Data excerpt:
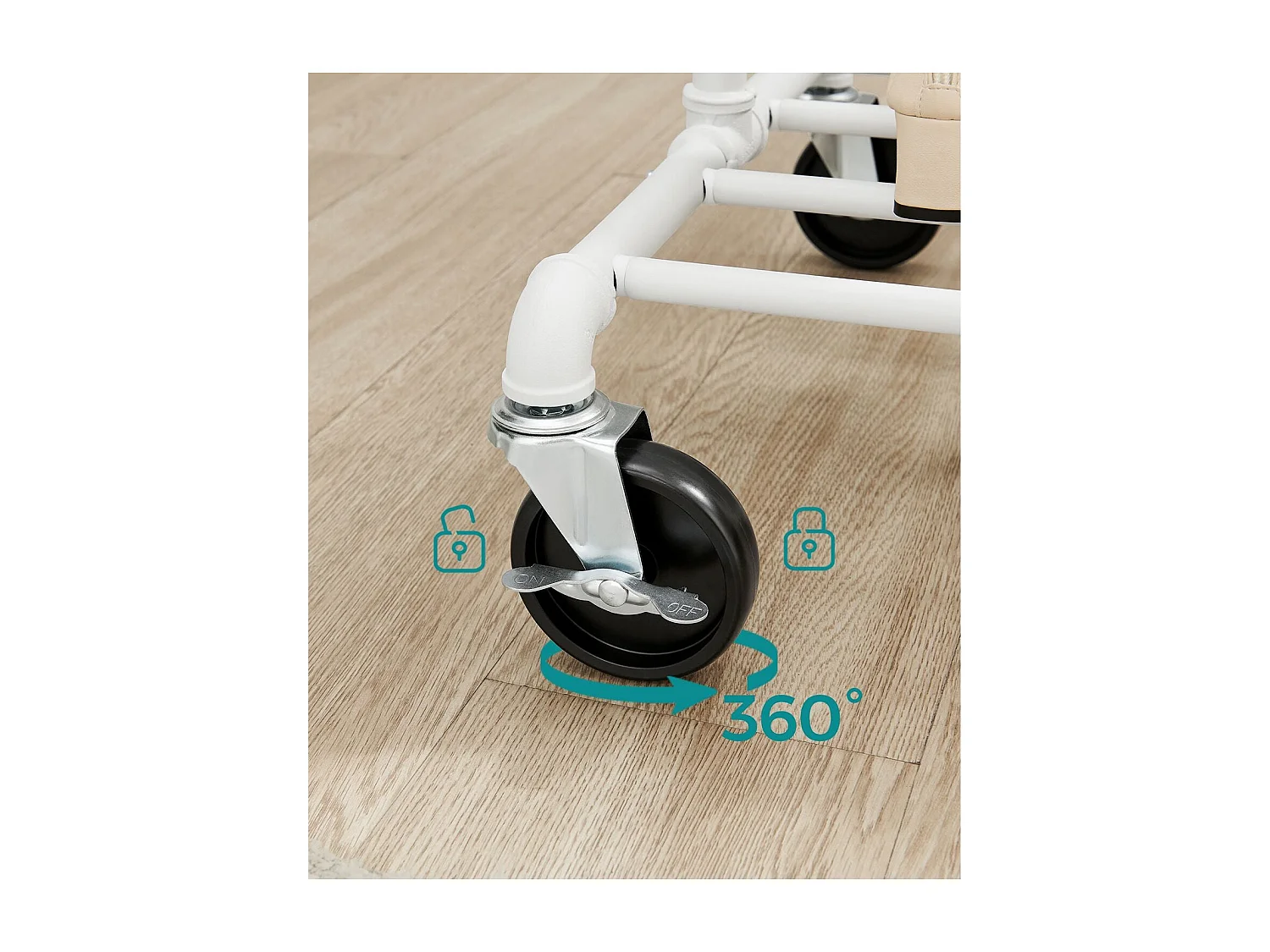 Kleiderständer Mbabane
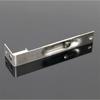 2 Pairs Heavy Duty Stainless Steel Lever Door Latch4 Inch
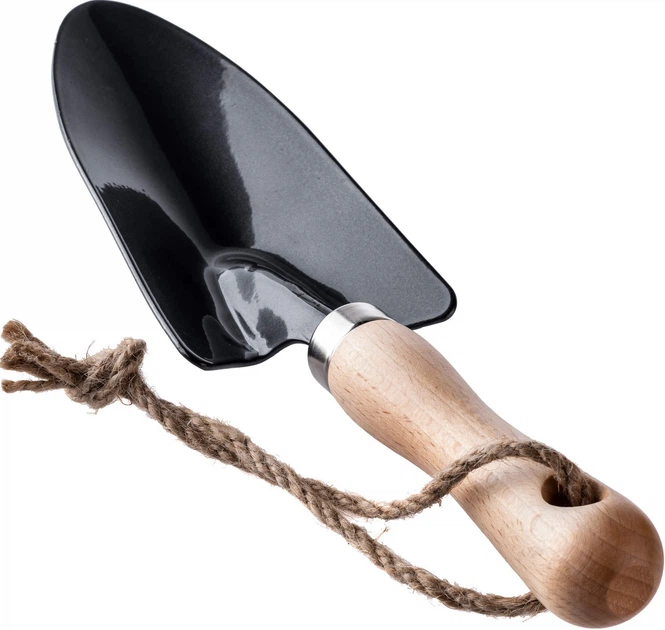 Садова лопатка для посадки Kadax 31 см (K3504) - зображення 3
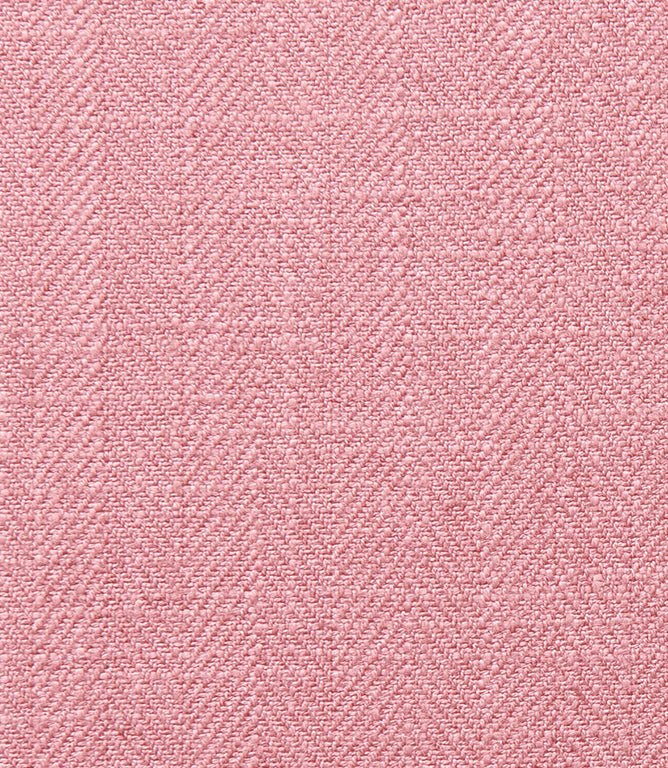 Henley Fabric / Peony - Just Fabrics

How to complete this task: Set down the data above word for word, leaving every picture out.

Solution for this task:
 Kleiderständer Mbabane
 2 Pairs Heavy Duty Stainless Steel Lever Door Latch4 Inch
 Садова лопатка для посадки Kadax 31 см (K3504) - зображення 3
 Henley Fabric / Peony - Just Fabrics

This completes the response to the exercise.